Oh, well in a path trait you just create the file textually before the test and clean it up textually after. Before I show an example, the default in ScalaTest is that tests are *not* run in parallel. To get tests in the same suite class to run in parallel, you need to mix in ParallelTestExecution. This is not allowed in a path trait because it would be very hard for people to reason about. What you can do, though, is run different test classes in parallel (just not the tests inside the same class). sbt does this by default. ScalaTest's Runner requires a -P command line arg.

I would do:

class MySpec extends path.FunSpec {
    val file = createAFile()
    try {

      describe("some tests") {
         it("does this") {
             // do something with the file
         }

         it("does something else") {
            // do something else with the file
         }
      }
    }
    finally file.close()
}

Path traits are so intuitive that they are non-intuitive.
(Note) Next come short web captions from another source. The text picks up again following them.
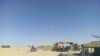 La Fama (force armée malienne) patrouille dans le cercle d'Ansongo, région de Gao, au Mali, le 13 mars 2017. (VOA/Kassim Traoré)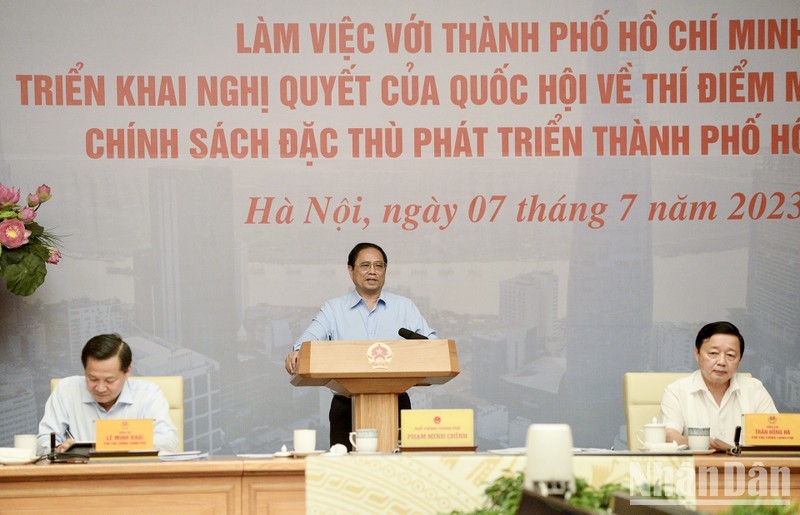 Thủ tướng Phạm Minh phát biểu tại buổi làm việc. Ảnh Nhandan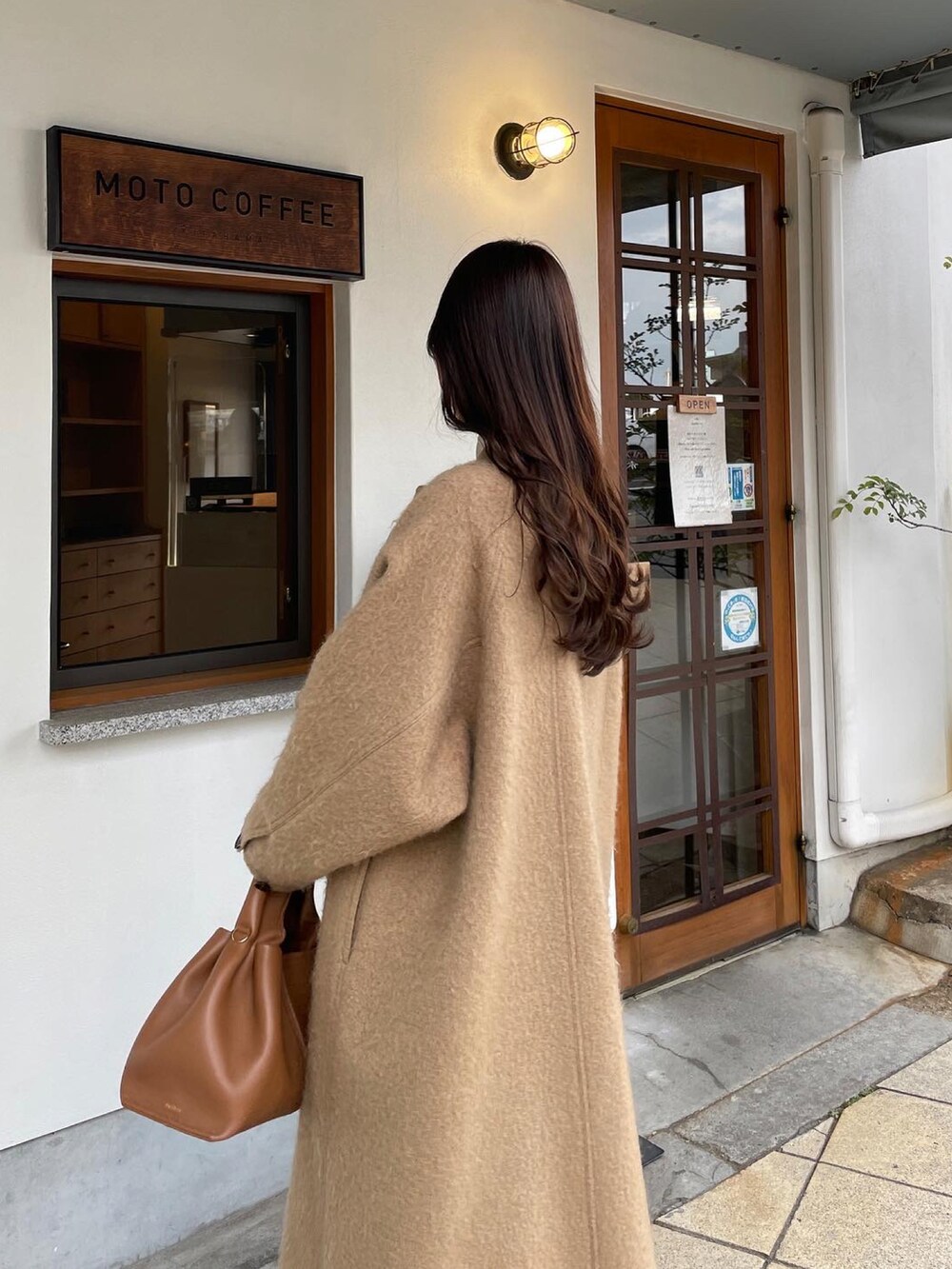 「Louere、カジュアルコーデ、ニット、冬コーデ、骨格ウェーブ」｜「lourenのアイテム（ジャケット/アウター、ベージュ系）」を使った、chieriさん（レディース・162cm）の冬コーディネートの3枚目の写真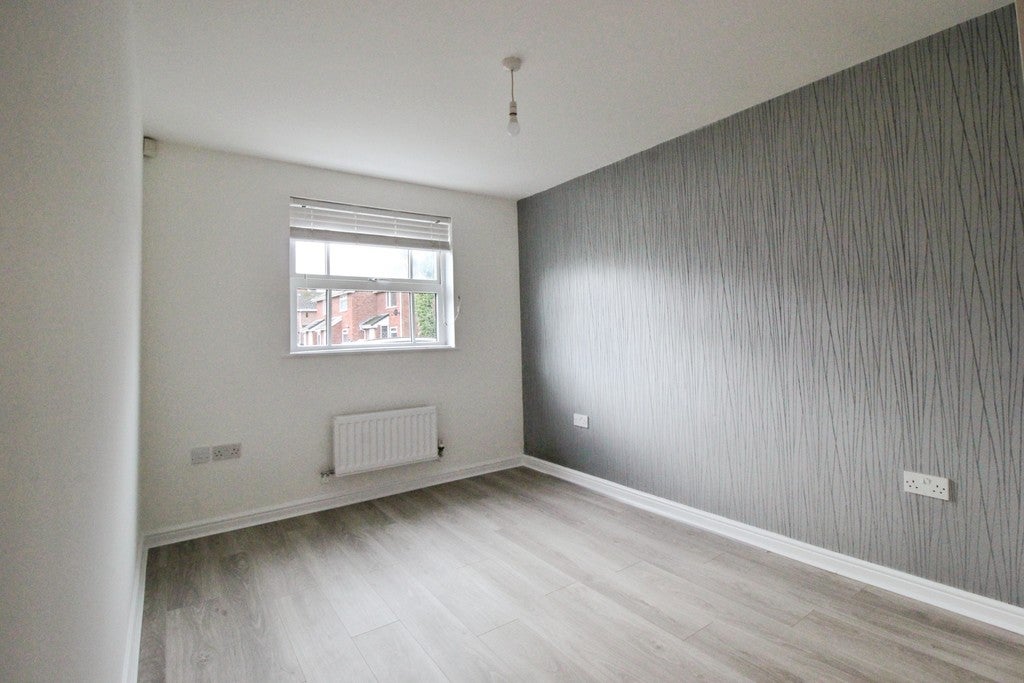 Flat Eversley Park in Chester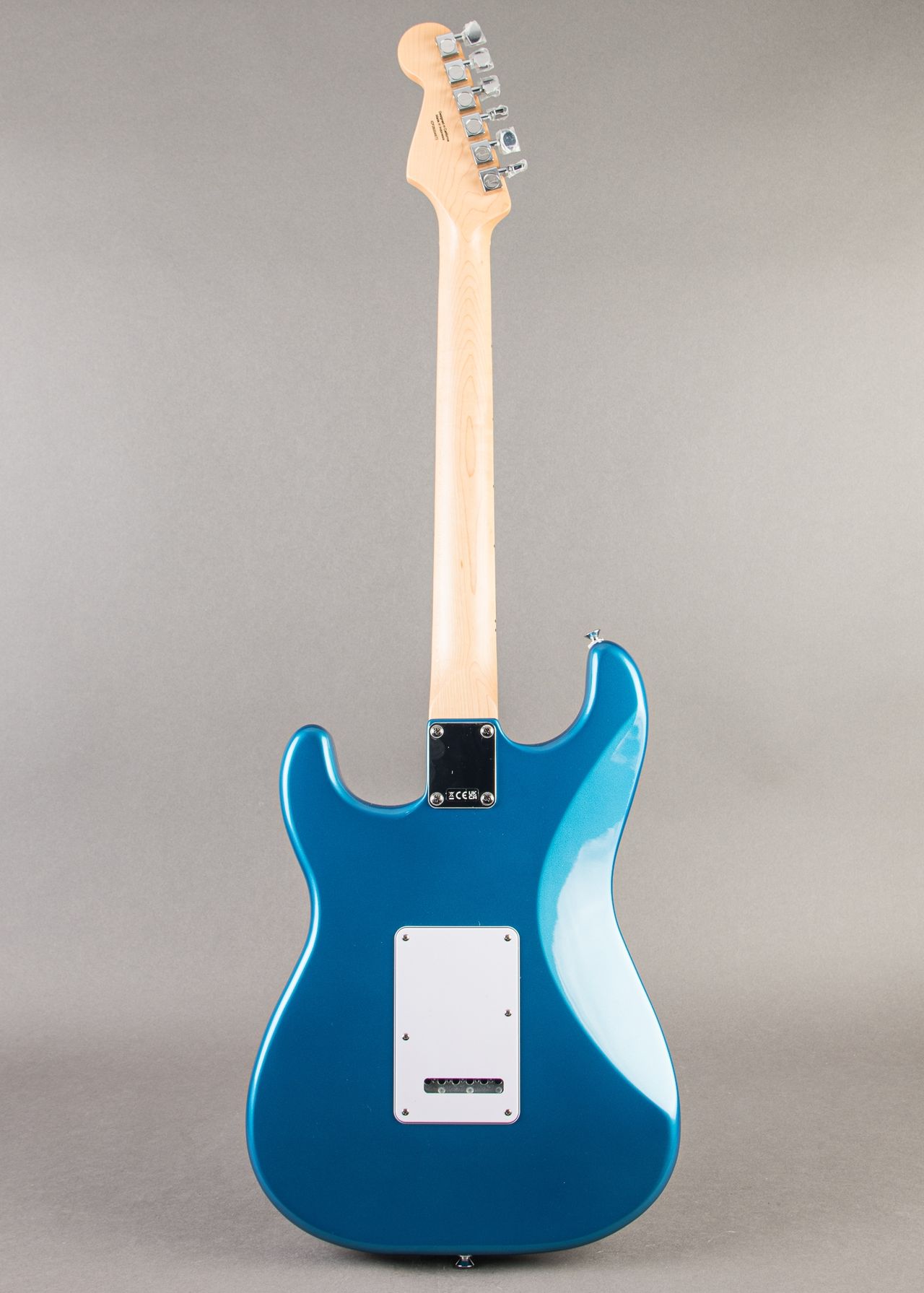 Carter Vintage - Fender Standard Stratocaster HSS 2026, Aqua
That will really work. The reason is that each test runs in its own instance, and all the code leading up to the test (the path) will get re-executed for each test (and nothing not on the path will execute). Thus each will get a different instance of the file and close it after it is done. No need to worry about making the file name unique because tests in the same class won't run in parallel, but tests in different classes can run in parallel with each other.  So if you need to use this technique in multiple test classes, each test class should have its own file name.

Please give that a shot and let me know if you have any trouble.